Joaquin Phoenix ate “an apple a day” to slim down for Joker, where he plays the nearly [...]

Joaquin Phoenix ate "an apple a day" to slim down for Joker, where he plays the nearly skin-and-bones Arthur Fleck. According to director Todd Phillips, Phoenix declined the help of a nutritionist and other experts to lose some 52 pounds as Phillips and co-writer Scott Silver envisioned a scrawny Arthur-slash-Joker. The weight loss ultimately proved so dramatic Phoenix's co-star Glenn Fleshler, who plays Arthur's co-worker Randall, almost didn't recognize Phoenix during a table read. As Phoenix explained at the Venice Film Festival earlier this year, such drastic weight loss "affects your psychology. You start to go mad when you lose that amount of weight in that amount of time."

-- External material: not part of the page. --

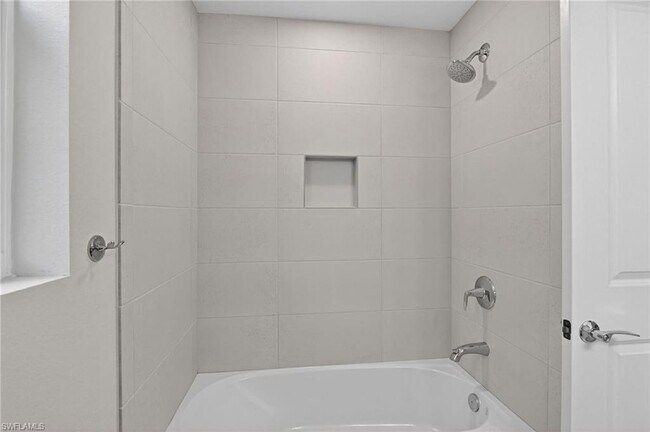 Building Photo - 286 Indies Dr E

"We talked a lot about, 'How skinny should Arthur be? How far do we want to go?'" Phillips says in the Joker: Vision & Fury special feature included on the film's home release. "And I kept saying to him, 'When are you gonna start losing weight? At what point do you start this?' Because it was already like June, and he hadn't started, and we started shooting in September. And he's like 180 pounds. He wasn't fat, but we're talking getting to 125 pounds."

Phillips continues, "And he goes, 'I got it, I got it.' I go, 'We can hire a guy, I've got this woman who's a nutritionist, you might want to [talk to her].' 'No no, that's not how I do it.' I go, 'How do you do it?' He goes, 'I just stop eating and I starve myself.' He just ate an apple a day for the whole summer."

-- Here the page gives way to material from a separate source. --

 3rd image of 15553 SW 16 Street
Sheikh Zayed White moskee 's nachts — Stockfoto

For Fleshler, Phoenix's eventual physical transformation was a surprise. "When I laid eyes on him at a table read, he'd lost 50 pounds. He was like a shell of himself," he says. "He was fully immersing himself in the role."

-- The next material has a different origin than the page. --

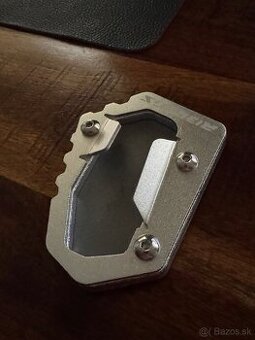 Predám pätku na bočný stoajan prer BMW R 1300 GS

That immersion also meant engaging in lengthy conversations with Phillips about the psychology of the mentally unwell Arthur, which Phillips and Phoenix largely wanted to leave ambiguous.

"We talked a lot about who would he be, and why is he like this, and what is his thing, and where does that laugh come from, and why does he wear makeup or not, [and so on]. And we really just started reading a lot about narcissism, and ego, and things that we think that are kind of baked into our version of Joker," says Phillips, who adds this Joker is "a narcissist, but he's an egoless narcissist in our mind."

"The ego is Arthur, the ego is the thing that's trying to control this wild force that is Joker. But Joker is pure id," Phillips explains. "So we just thought, 'What happens when you go through your life wearing a mask?' Which a lot of people do, you're wearing a mask and you're pretending to be a certain way. And Arthur is very kind of controlled, but there are these glimpses of who he is underneath. And what happens when you take the mask off, which is kind of a weird flip, because actually Joker wears a mask — or makeup — but the idea is, 'What happens when you stop living that life, and live as the shadow?' Then you just make the movie and you forget all that, and you just make the film, and you hope it makes sense on some level."